Etching is performed by using to form trenches 105, 106 and 107 until the silicon nitride film 102 is exposed. TM
Potassium hydroxide (KOH) may be used instead of AH. The areas between the trenches 105 and 106 and 107 and 106 likewise etch the silicon substrate. (FIG. 7B) A part of the silicon oxide film 101 on the surface is opened, openings 111, 112, 113 are provided, and silicon nitride film membranes 114, 115, 116 are formed. (FIG. 7C) Gold electrodes 121-126 using vacuum deposition
To form. The film thickness of the gold electrode is about 5 nm to 100 nm. Further, the electrode 127 is formed by using a focused ion beam device. (FIG. 7D) A part of the silicon nitride film membranes 114, 115 and 116 is etched by a focused ion beam device to form one or more through holes 131, 133 and small holes 132. Instead of using the focused ion beam device, electron beam exposure may be performed using calixarene or chloromethylated calixarene to form an etching mask, and through holes and small holes may be formed by reactive ion etching. When making the small hole 132, the electrode 127
The electrodes 134 and 135 are produced by cutting. The through holes 131 and 133 may be patterned by using a photoresist and then etched by reactive ion etching or the like. (FIG. 7E) A glass cover provided with a doorway is bonded to the upper surface, and a glass substrate is bonded to the back surface. Adhesion is performed by anodic bonding. The adhesion may be performed using a polymer such as PMMA. A fine array recognition device can be manufactured through the above steps. FIG. 9B is an electron micrograph of small holes of the fine array recognition device manufactured in Example 2.
【0042】(実施例3)本発明の実施例3について説
明する。本発明の実施例2の外観および内部構造は、絶
縁膜11上の陰極22の形状と2つの電極31、32が
異なる以外は図1Aおよび図1Bと同じである。また、
絶縁膜11は圧電効果を有する圧電薄膜とする。(Third Embodiment) A third embodiment of the present invention will be described. The external appearance and internal structure of Example 2 of the present invention are the same as those of FIGS. 1A and 1B except that the shape of the cathode 22 on the insulating film 11 and the two electrodes 31 and 32 are different.

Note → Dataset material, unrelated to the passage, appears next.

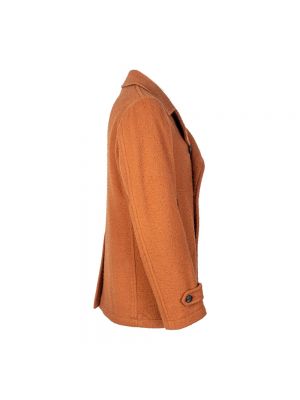 Abrigo de lana Tagliatore naranja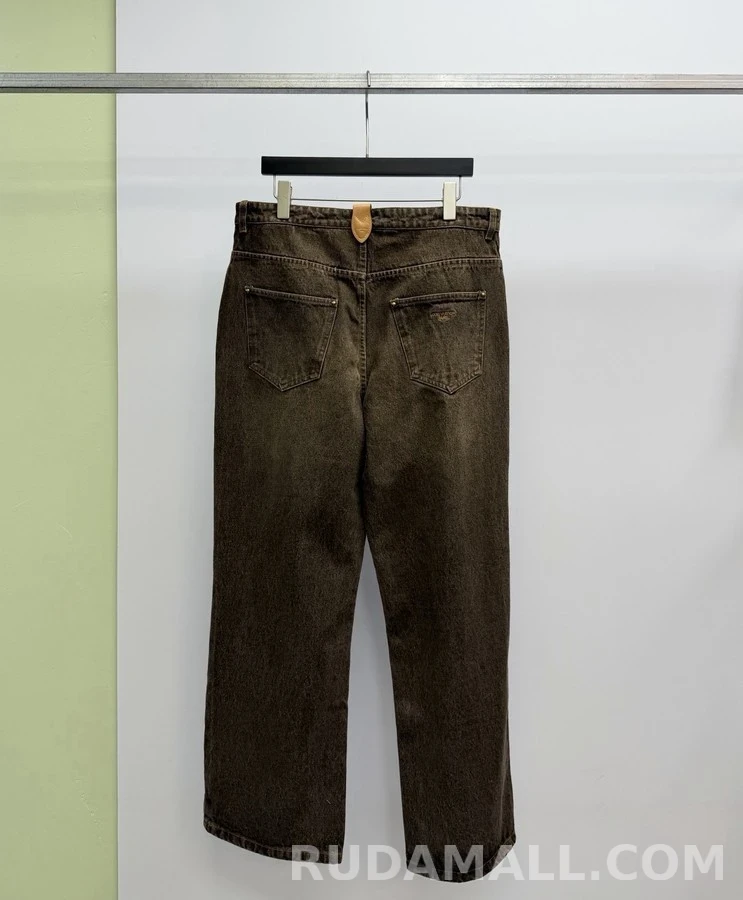 루이비통 루이비통 커피 워싱 데님 팬츠 상세 이미지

Also,
The insulating film 11 is a piezoelectric thin film having a piezoelectric effect.
【0043】図2Cは絶縁膜11上の小孔25付近を真
上から見た図で、本実施例の電極配置を示している。陰
極22とは別に、圧電薄膜制御用の電極33および34
が配置される。電極33、34は圧電薄膜35の表面お
よび裏面にそれぞれ配置される。FIG. 2C is a view of the vicinity of the small hole 25 on the insulating film 11 as seen from directly above, showing the electrode arrangement of this embodiment. Separately from the cathode 22, electrodes 33 and 34 for controlling the piezoelectric thin film
Are placed. The electrodes 33 and 34 are arranged on the front surface and the back surface of the piezoelectric thin film 35, respectively.
【0044】図5は本発明の実施例3に関する動作原理
について説明したものである。図5Aは圧電薄膜35を
貫く小孔25付近の断面図である。陽極21および陰極
22は、図1では絶縁膜上にあるが、本図では模式的に
溶液中に表示している。FIG. 5 explains the operation principle of the third embodiment of the present invention. FIG. 5A is a sectional view near the small hole 25 penetrating the piezoelectric thin film 35. Although the anode 21 and the cathode 22 are on the insulating film in FIG. 1, they are schematically shown in the solution in this figure.
【0045】図5Aにおいて、圧電薄膜35を境にして
試料を含む溶液41とバッファー液42に分けられてい
る。各溶液には正または負に帯電した金属イオンが含ま
れている。電圧源16を用いて電圧を、陰極22と陽極
21の間に加えると、陰極22と等電位である試料を含
む溶液41と陽極21と等電位であるバッファー液42
に電位差Vが生じる。小孔の両端に電位差が生じると、
負に帯電した金属イオンは小孔を通過して、陰極側から
陽極側へと電位勾配に沿って移動する。一方、正に帯電
した金属イオンは小孔を通過して、陽極側から陰極側へ
と電位勾配に沿って移動する。その結果、金属イオンが
電荷を運び、外部回路に電流が生じる。電流の大きさ
は、小孔を通過する金属イオンの単位時間あたりの数に
比例する。金属イオンの単位時間あたりの数は小孔の断
面積S、電位差Vに対して比例の関係にあり、小孔の長
さLに対して逆比例の関係にある。In FIG. 5A, the piezoelectric thin film 35 is divided into a solution 41 containing a sample and a buffer solution 42. Each solution contains positively or negatively charged metal ions. When a voltage is applied between the cathode 22 and the anode 21 using the voltage source 16, a solution 41 containing a sample having the same potential as the cathode 22 and a buffer solution 42 having the same potential as the anode 21.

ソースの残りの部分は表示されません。